● **What needs to be done**
Give the data below again exactly, and drop each picture from it.

● **Extracted records**
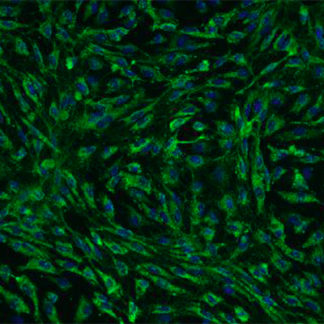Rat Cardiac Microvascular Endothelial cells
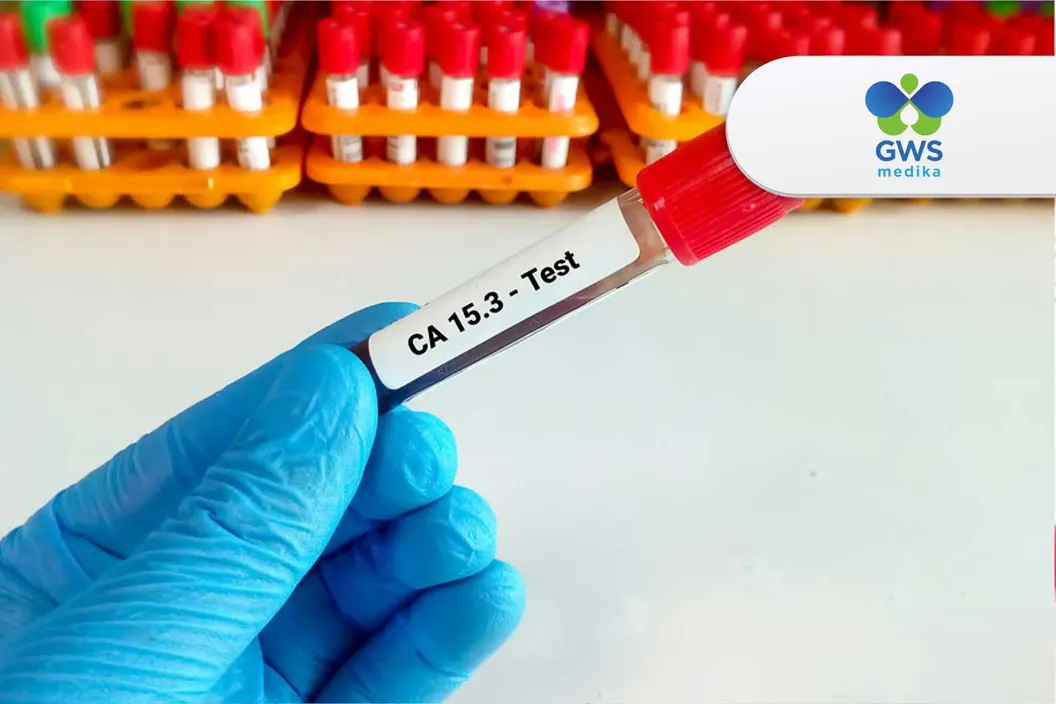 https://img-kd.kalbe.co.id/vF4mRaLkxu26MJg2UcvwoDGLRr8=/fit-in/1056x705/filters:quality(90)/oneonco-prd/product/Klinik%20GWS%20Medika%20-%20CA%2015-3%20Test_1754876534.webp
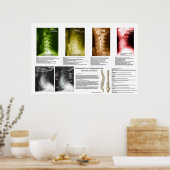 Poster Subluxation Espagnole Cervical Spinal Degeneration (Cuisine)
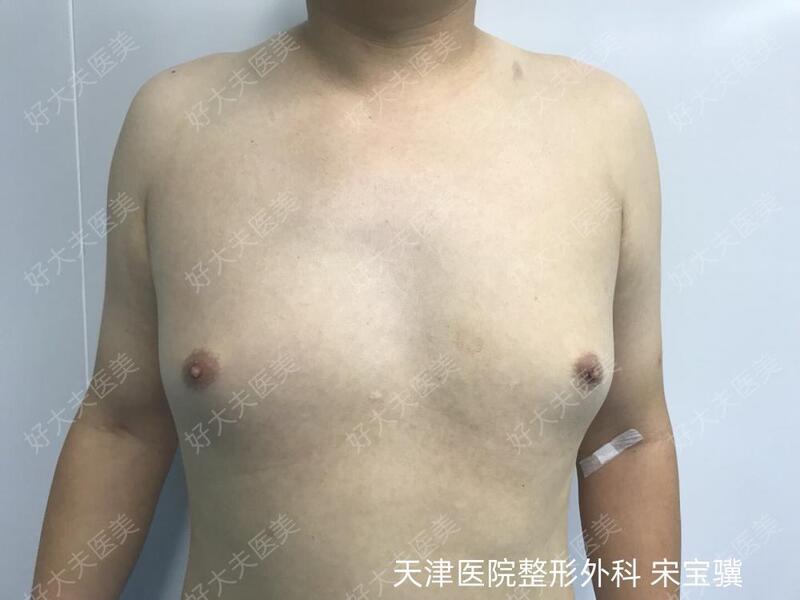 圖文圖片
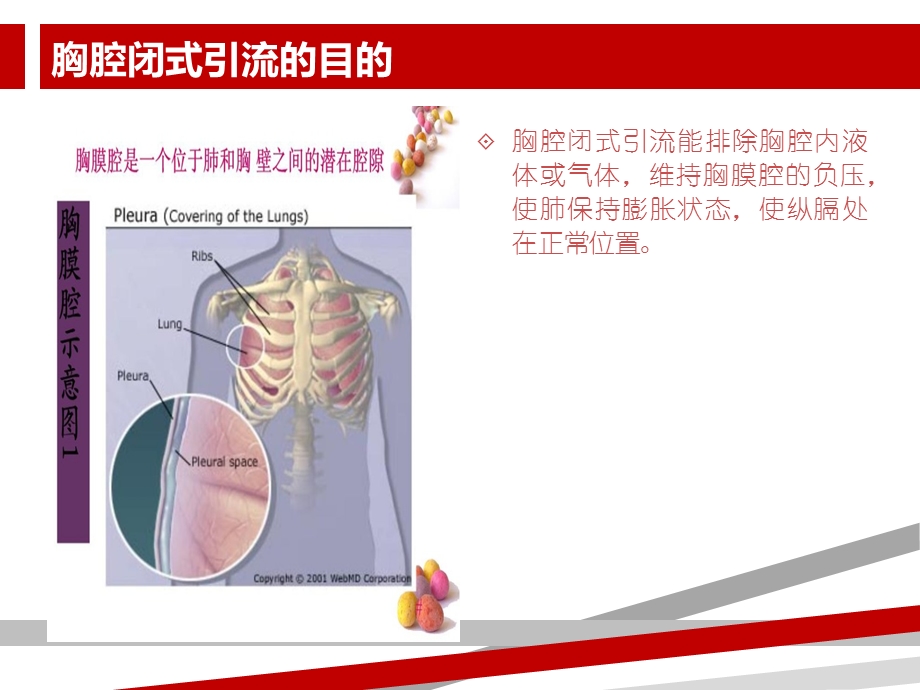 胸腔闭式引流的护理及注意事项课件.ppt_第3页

● **Task solution**
Rat Cardiac Microvascular Endothelial cells
 https://img-kd.kalbe.co.id/vF4mRaLkxu26MJg2UcvwoDGLRr8=/fit-in/1056x705/filters:quality(90)/oneonco-prd/product/Klinik%20GWS%20Medika%20-%20CA%2015-3%20Test_1754876534.webp
 Poster Subluxation Espagnole Cervical Spinal Degeneration (Cuisine)
 圖文圖片
 胸腔闭式引流的护理及注意事项课件.ppt_第3页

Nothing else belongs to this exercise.